Should the club's face angle be open? That depends on your usual shot direction and shape and how much the face closes due to the flexibility of your shaft. Because the clubhead is traveling faster than any other point along the club and is accelerating coming into impact with the ball, the shaft normally flexes in a bowed-forward position. This flexing action causes the face of the club to close slightly.
If your typical swing technique returns the clubface to the ball in an open position and results in a push or slice, you don't want your club's face angle open. However, if your swing normally produces a hook, a slightly open face will compensate for your technique and reduce or eliminate the hook.
There is an inter-relationship between club path and face angle that must also be considered, but the easiest way to correct hooking and slicing tendencies is by adjusting the clubface angle to the degree that it produces the most desirable shot pattern considering the face angles relationship to club path.
A professional clubmaker can evaluate your present clubs and either adjust the face angles or recommend equipment that will straighten your shots.
FACE ANGLE is usually never considered a factor by most retail stores. In fact, if you asked an employee at your favorite retail or discount golf store "What is the face angle of this driver?", the most common response is to simply repeat the loft marked on the wood.
As stated above, face angle MUST be considered when fitting for the right wood. As an example... if you have a driver that shows a 10-degree loft, that may or may not be the effective loft at impact. To get a complete picture, you must factor in face angle! Here is the simple formula--although it may sound backwards at first. Loft PLUS closed/hooked face angle EQUALS effective loft at impact... likewise,
loft MINUS open/slice face angle EQUALS effective loft at impact. Therefore, if you are looking at a 10-degree driver and it has a face angle that is 2 degrees open, the effective loft at impact is 8 degrees! Quite a change! Now, who says face angle is not a factor to consider?

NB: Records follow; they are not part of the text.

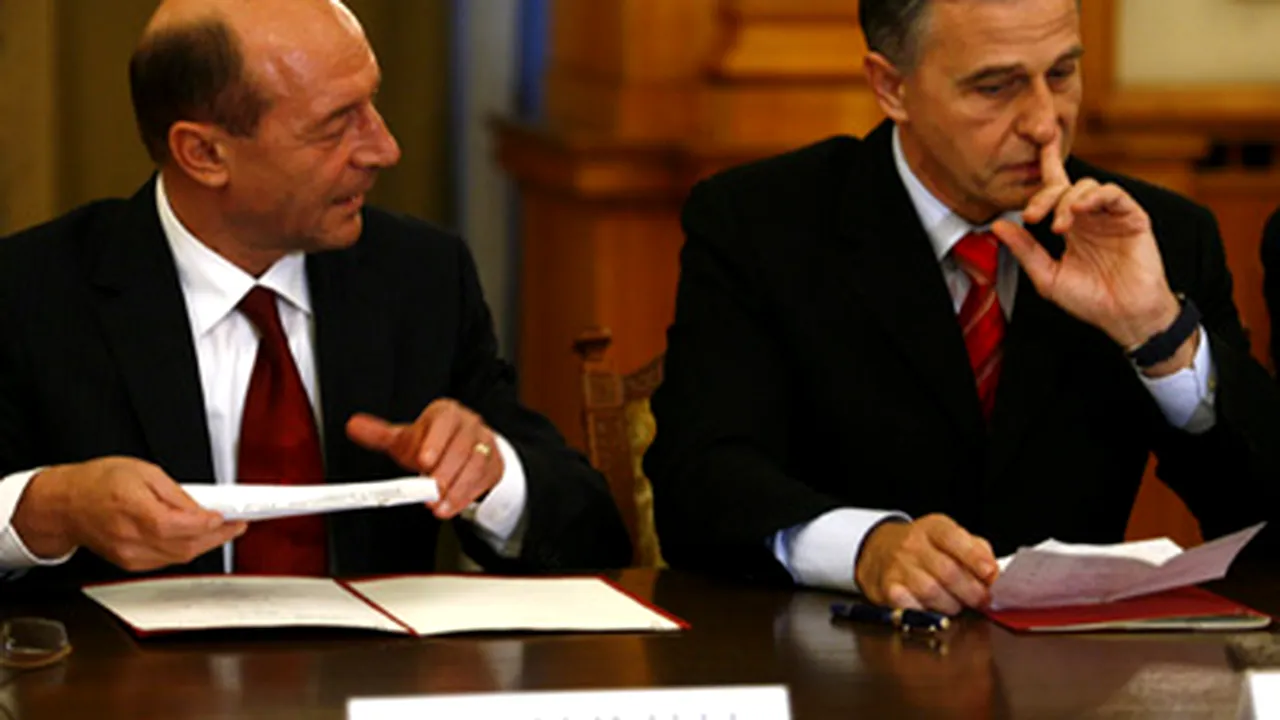 Schimb de replici Băsescu-Geoană la Cotroceni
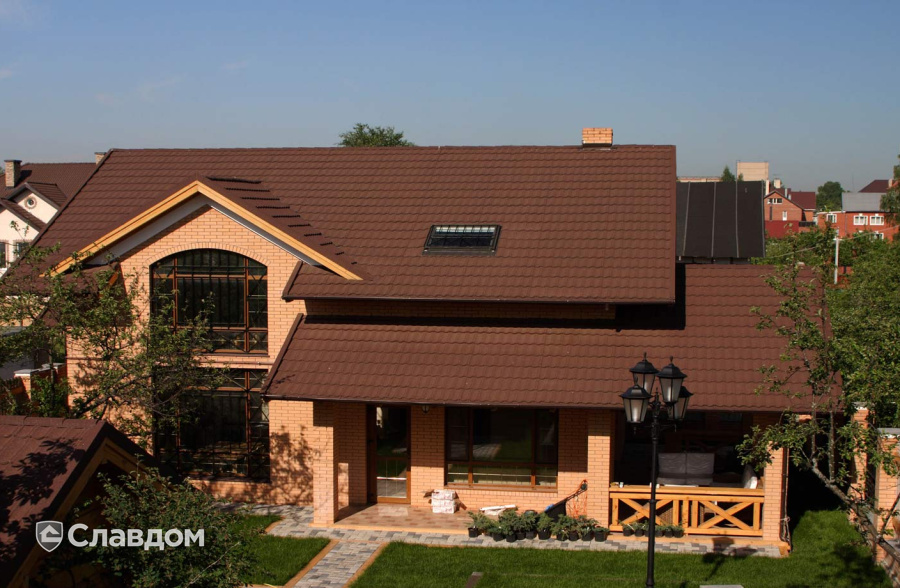 Загородный дом с баней с покрытием крыши из композитной черепицы METROTILE МетроБонд кофе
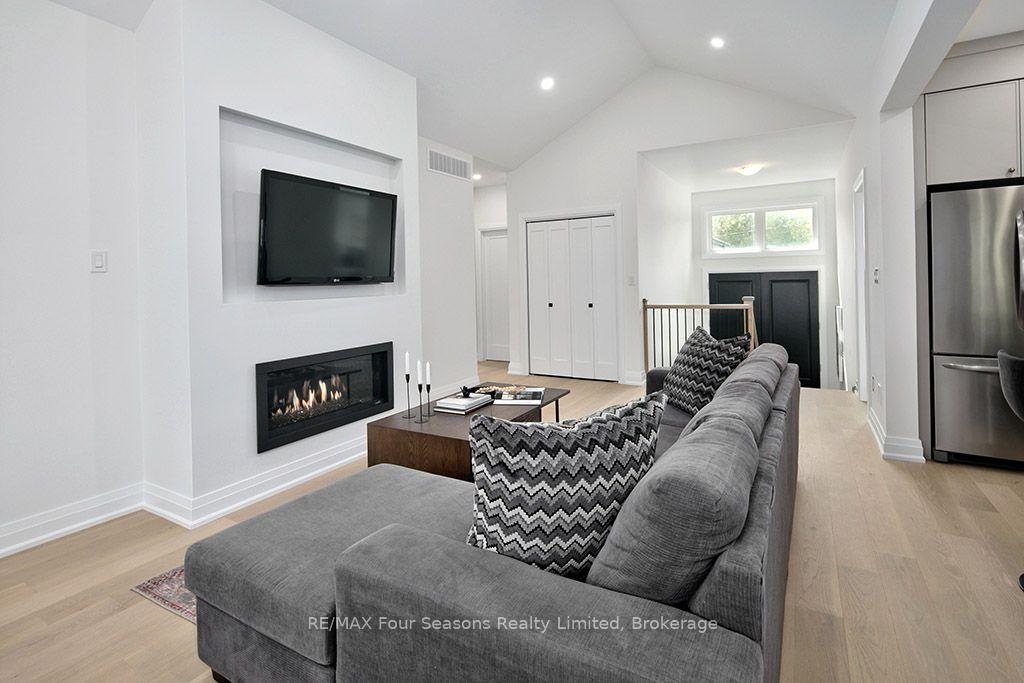 Photo 7 of 91 Summer View Avenue, Collingwood — HOMEH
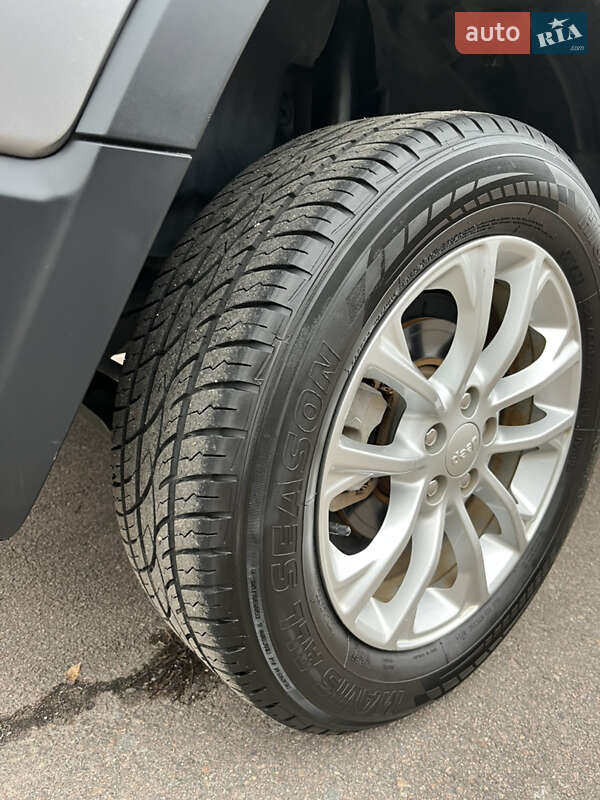 Внедорожник / Кроссовер Jeep Cherokee 2019 в Ровно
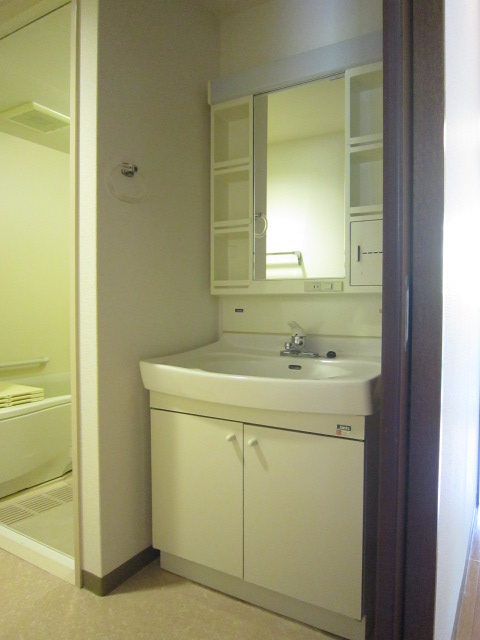 Washroom. Photograph publication of the same type.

The professional clubmaker can make adjustments for draws/hooks or fades/slices by fitting you with a head that has a particular face angle... BUT, your professional clubmaker must always factor in the effective loft - is it too much or too little for your ability and desired flight path.
The article also states... "Because the clubhead is traveling faster than any other point along the club and is accelerating coming into impact with the ball, the shaft normally flexes in a bowed-forward position. This flexing action causes the face of the club to close slightly." Again, here is where your professional clubmaker is KEY! A properly fitted shaft - based in large part on your swing speed - will return to vertical at impact... and will not lag or lead the clubhead. This is why I measure swingspeed for woods and irons, then do a computer search for the proper shaft to meet your needs.
Shaft fitting is absolutely critical! All "stiff" shafts are not alike among the multitude of manufacturers... the same is true of all flexes. Many adjustments can then be made off that baseline... for example, given your desire to emphasize accuracy over distance or distance over accuracy, I can adjust the search parameters and get the results you desire!